*** INFORMATION SHOWN ***

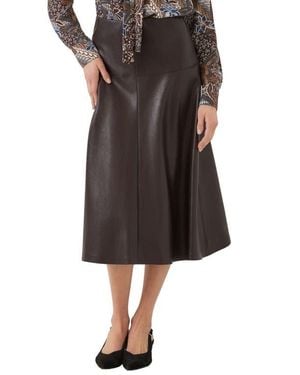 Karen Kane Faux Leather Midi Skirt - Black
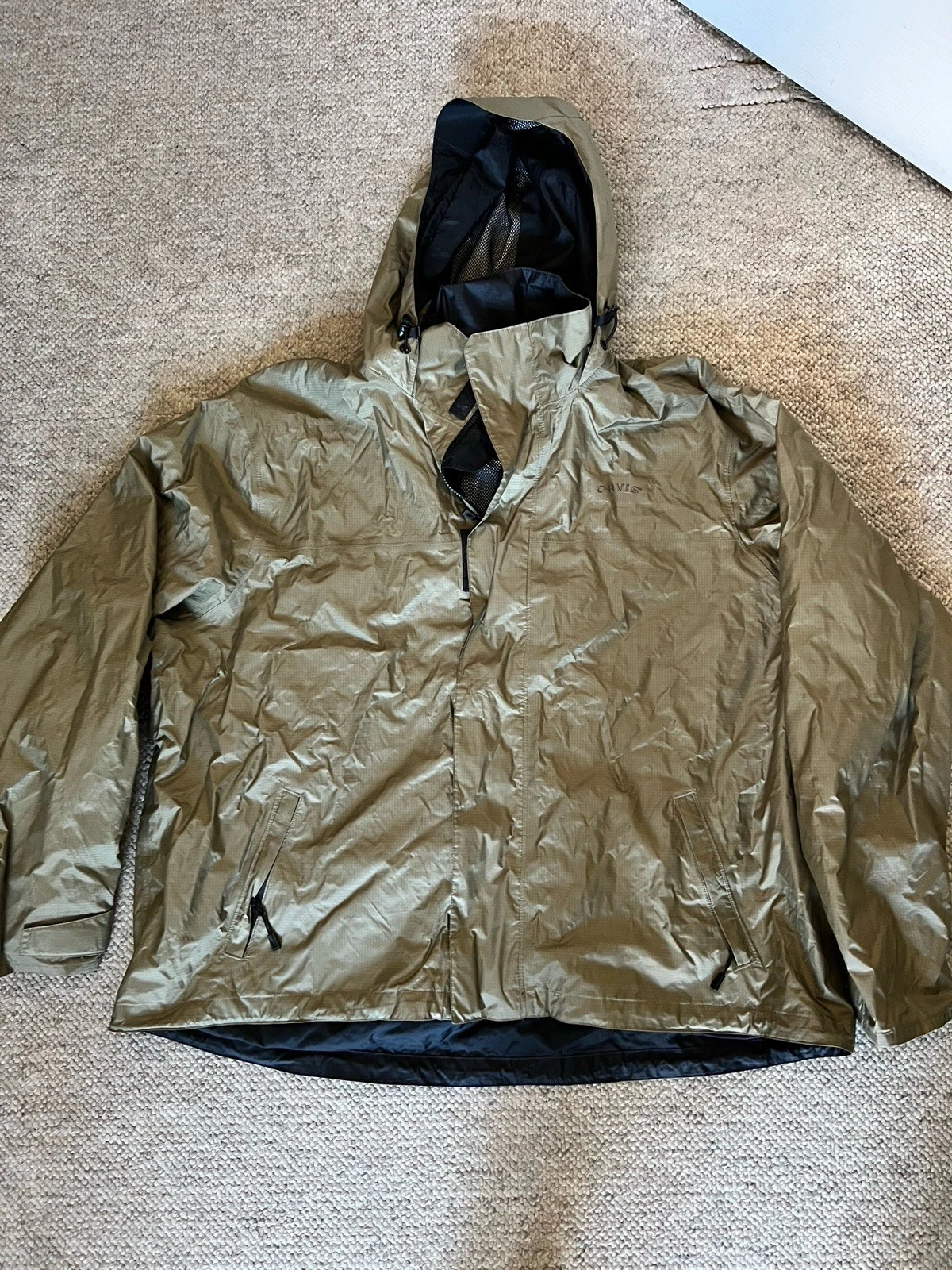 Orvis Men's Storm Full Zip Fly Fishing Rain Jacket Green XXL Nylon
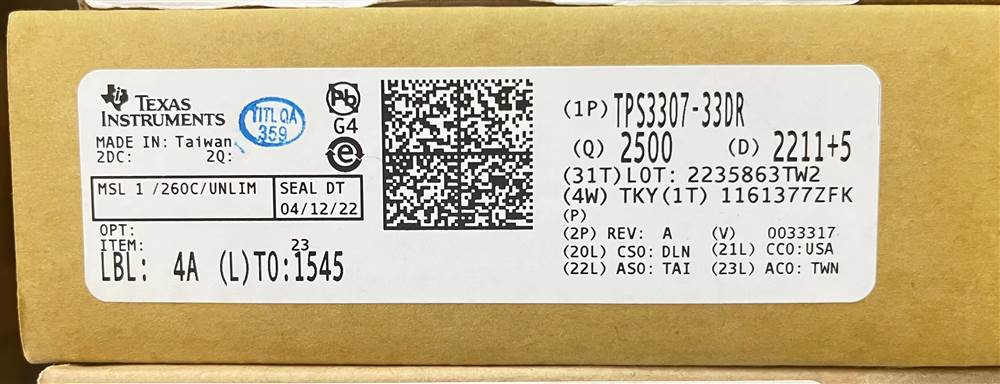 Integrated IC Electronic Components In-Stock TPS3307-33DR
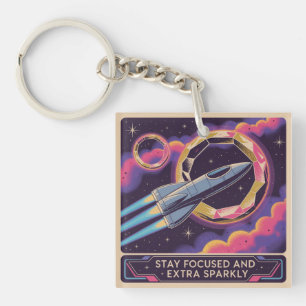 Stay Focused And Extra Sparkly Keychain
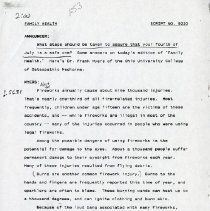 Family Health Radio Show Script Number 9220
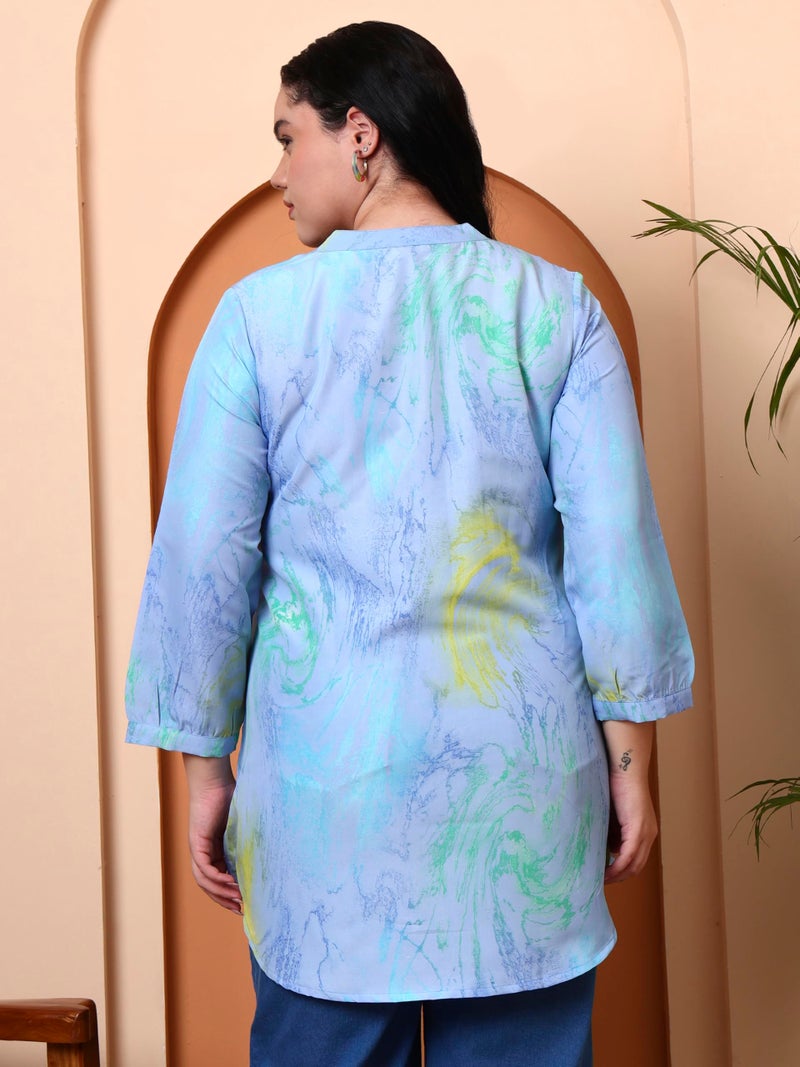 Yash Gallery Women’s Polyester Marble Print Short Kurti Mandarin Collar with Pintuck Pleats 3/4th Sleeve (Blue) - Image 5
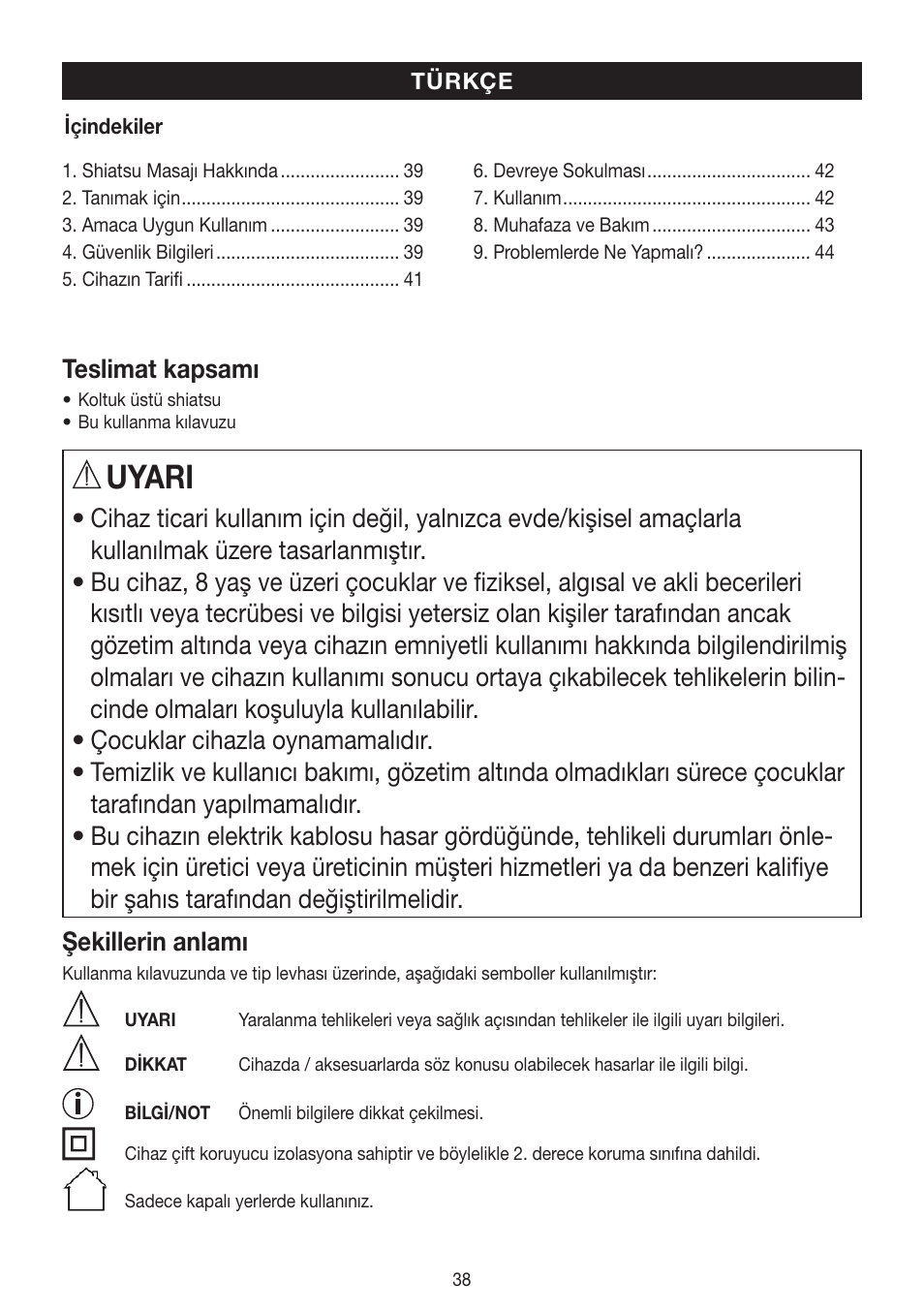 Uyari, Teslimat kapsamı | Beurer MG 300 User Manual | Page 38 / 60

*** End of INFORMATION SHOWN ***

WORK INSTRUCTION:
Each line from the one containing "Family Health Radio Show Script Number 9220" through the last line of the listing is to be given again exactly, with no pictures and no other lines.

TASK ANSWER:
 Family Health Radio Show Script Number 9220
 Yash Gallery Women’s Polyester Marble Print Short Kurti Mandarin Collar with Pintuck Pleats 3/4th Sleeve (Blue) - Image 5
 Uyari, Teslimat kapsamı | Beurer MG 300 User Manual | Page 38 / 60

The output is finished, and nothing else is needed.